Digital Projects & Programs
Complementing and expanding the DAC's longstanding programs of education, exhibition, and publication, work using digital technologies is under way. Strategically interwoven, these projects and programs include the adoption of a new collections management system into which the DAC has migrated such information, and which now supports public search on the web; the new DAC Open Access Images policy, put into effect on 12 December 2012; the DAC Digital Imaging Initiative, which will transition in 2013 to rapid-capture photography of collection objects; and an upcoming redesign of the DAC website, also planned for 2013. These projects converge in strategic ways. Along with direct study of original objects, they expand the means by which the DAC collection supports its educational mission.
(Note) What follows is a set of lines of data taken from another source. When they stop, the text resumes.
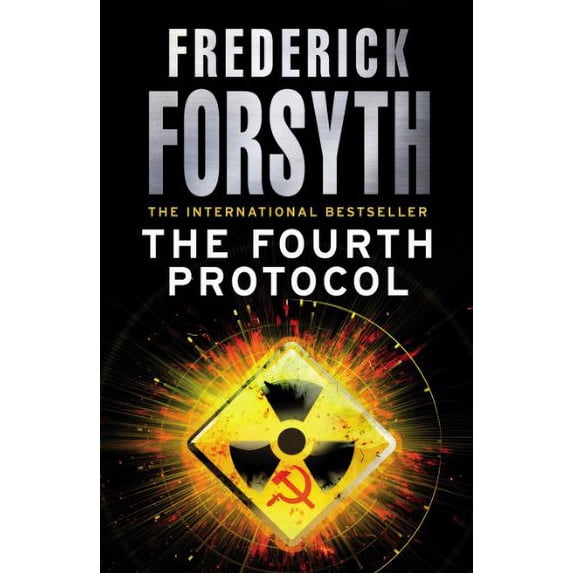 Pre-Owned The Fourth Protocol (Paperback) 0099559846 9780099559849
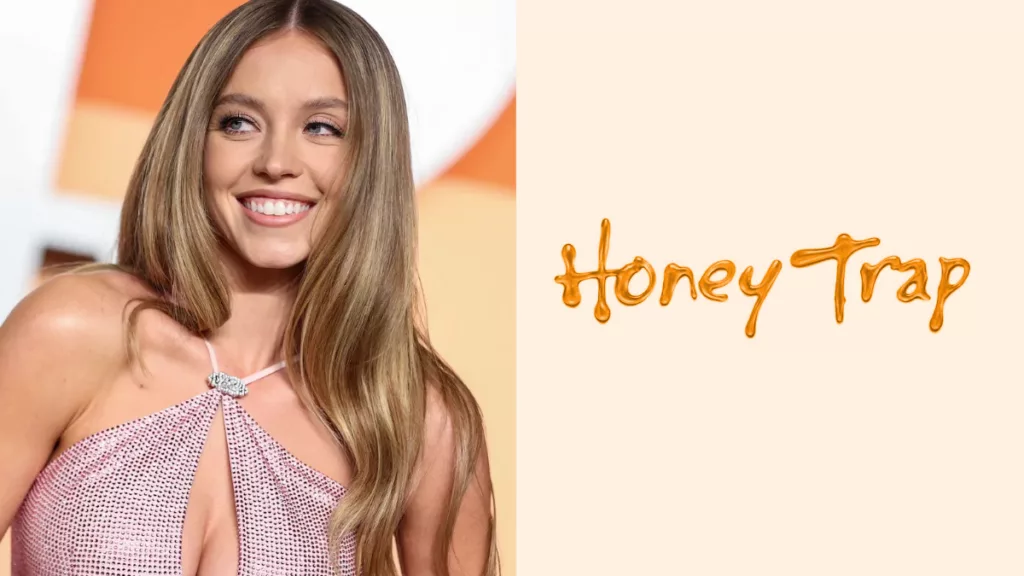 Sydney Sweeney Honey Trap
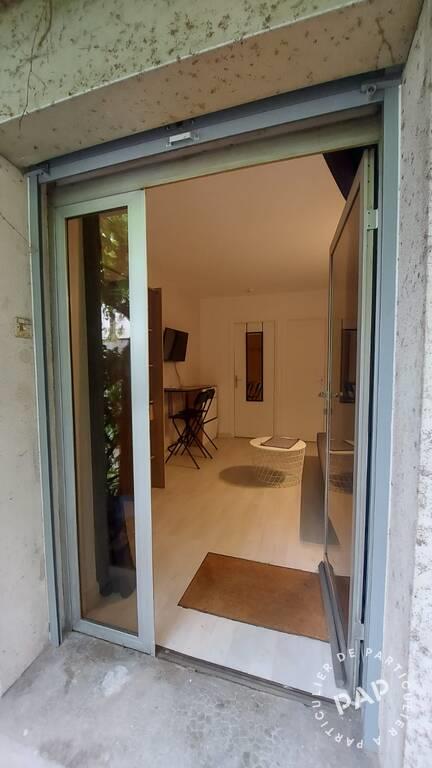 Appartement à louer, 20m², Paris 14ème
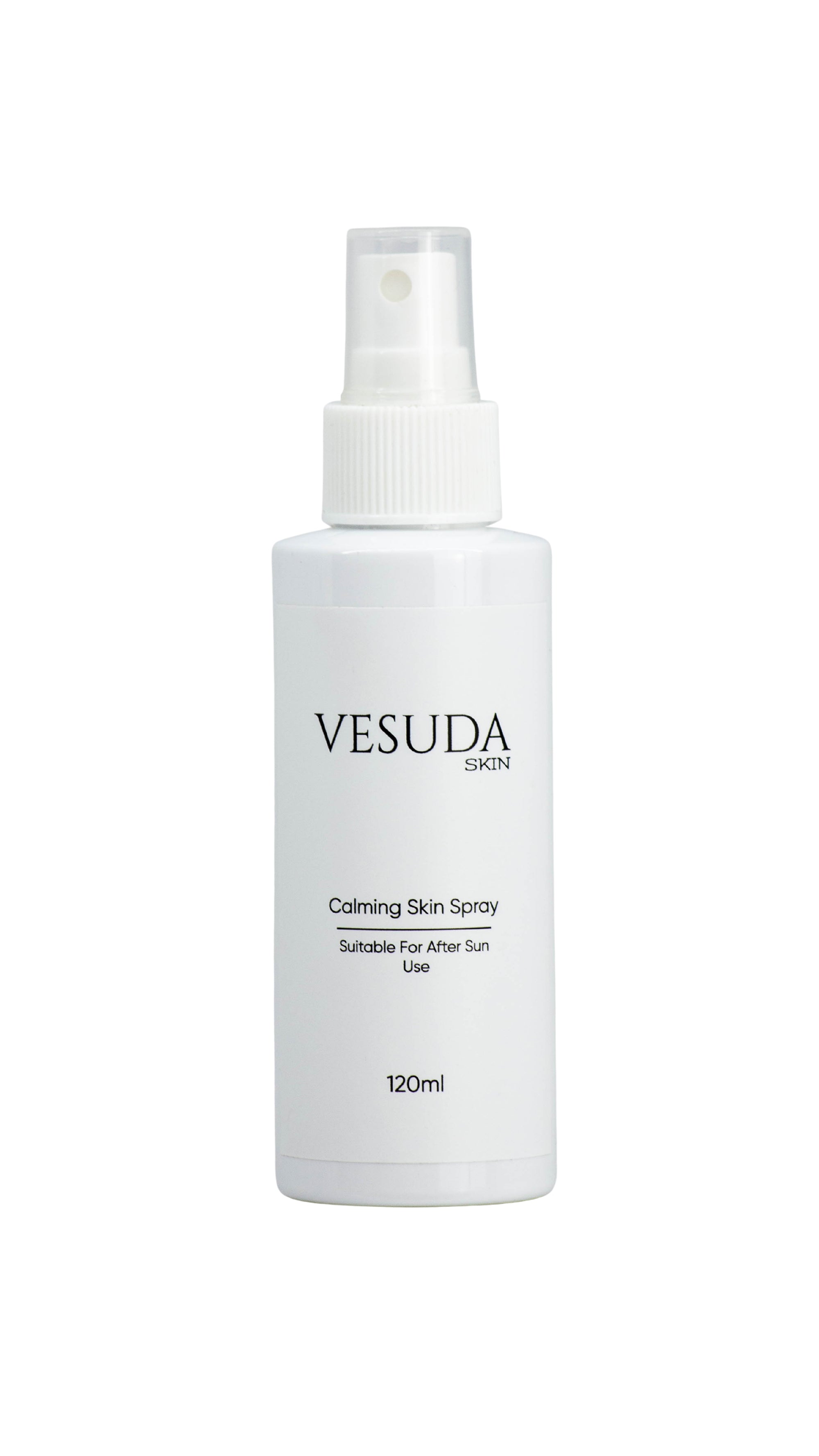 Vesuda Skin Calming Skin Spray 120ml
The DAC moved its behind-the-scenes collections management to a new system by means of a major data migration in 2009-2011. Selected information from that system is now searchable on the web. DAC Collection Search online enables students, faculty, researchers, and the public to discover more easily what the collection holds. Launched as early as possible in its development, that search resource finished private testing in summer 2012, went public that August in a bare-bones early iteration, and is now undergoing frequent incremental improvements. In early 2013, an initial group of images will be added to its current descriptive text.
Other images produced by earlier phases of the DAC Digital Imaging Initiative have been used to create small-scale "learning objects" for pedagogical use. Zoomable images of Japanese woodcuts from the collection are featured in a more extensive learning object developed collaboratively at Wesleyan to help students, collectors, and researchers better understand Ukiyo-e Techniques.
Wesleyan's New Media Lab also has created a digital presentation of Max Klinger's Brahmsphantasie in conjunction with the Davison Art Center (the presentation requires Flash, and it will open in a new window or tab in your web browser).